彼は「欺き」だけでなく、「暴露の神」でもある。
「ロキの口論」罵倒に隠された意味?
http://www.moonover.jp/2goukan/north-e/loki4.htm

傷ついた己の姿を暴露するその瞬間、「神」と呼ばれた者達の不完全さが露呈される――
その衝撃はロキにふさわしいと思った。

『マイティ・ソー』に比べ、アクション要素は少なく感じるかも知れない。
それは前作と『アベンジャーズ』で描写されたので、今は語る必要が無かったのではないだろうか。

もうひとつ、SFの視点から、敵役ダークエルフという存在について。

闇の勢力であるダークエルフ逹は、 闇から生まれた存在であるが故に闇に還る事を望む。
それは何故か?

闇とは恐らく、光が発生する以前、ビッグバンによる宇宙創造が起こる前と解釈できる。

ビッグバンによって宇宙、物質世界が出来た。(そして肉体を持つ人間が誕生した)

ダークエルフにとっては光がある事は異常な状態であり、肉体を持って生きている事はやはり異常な事なのだろう。
それ故に戦闘で特攻する手段を選ぶのではないだろうか?

実際、彼らが使う手榴弾状の武器は、ダークマター(暗黒物質)あるいはブラックホール(極めて高密度かつ大質量で、強い重力のために物質だけでなく光さえ脱出することができない)のようなものだ。
ブラックホールとは何かについては研究途上だが、一説には重力収縮と言われている。
参考:暗黒物質(Wikipedia)
http://ja.wikipedia.org/wiki/%E6%9A%97%E9%BB%92%E7%89%A9%E8%B3%AA
参考:ブラックホール(Wikipedia)
http://ja.wikipedia.org/wiki/%E3%83%96%E3%83%A9%E3%83%83%E3%82%AF%E3%83%9B%E3%83%BC%E3%83%AB

ブラックホールはダークマター(暗黒物質)に一部寄与しているものと解釈した上で、 ダークエルフがダークマターを使うのも頷ける気がした。

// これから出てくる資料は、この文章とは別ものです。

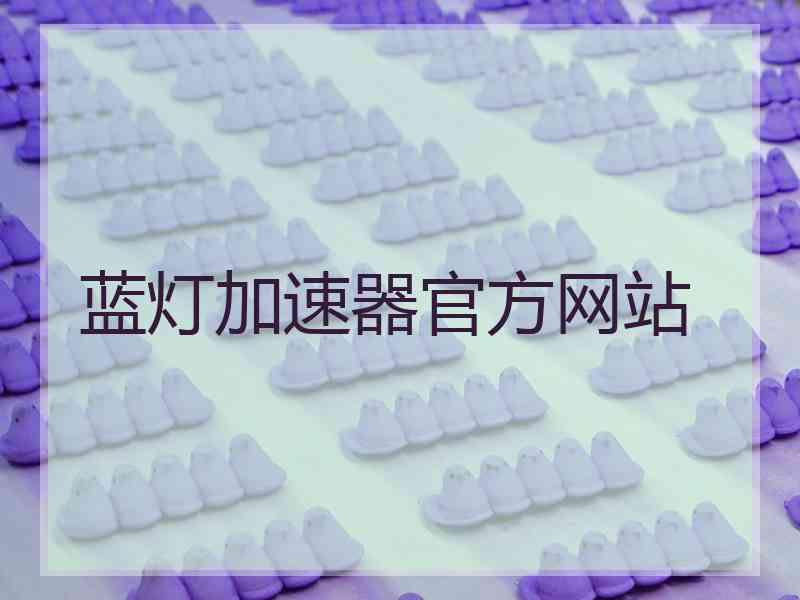 蓝灯加速器官方网站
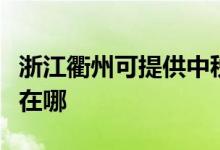 浙江衢州可提供中稅針式打印機維修服務(wù)地址在哪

そういえば、最新の『ナショナルジオグラフィック』がブラックホール特集だった。
『ナショナルジオグラフィック日本版』 2014年3月号 星を食らうブラックホール
http://nationalgeographic.jp/nng/article/20140219/384439/

NATIONAL GEOGRAPHIC (ナショナル ジオグラフィック) 日本版 2014年 03月号 [雑誌]

重力で収縮されるその先にあるものは何だろうか?
その状態はビッグバン以前の状態ではあるまいか?
偶然見たドキュメンタリーで、ビックバン以前の宇宙は密度の高いリンゴ大の物質だったという。
また、ダークマターは膨張する宇宙を抑止する作用があるのでは、と考えられているそうだ。
そこから重力収縮の先は、そうしたものではないかと、夢想してしまう。

私には、娯楽映画の裏側にある、神話と宇宙について想像を膨らませてしまう映画だった。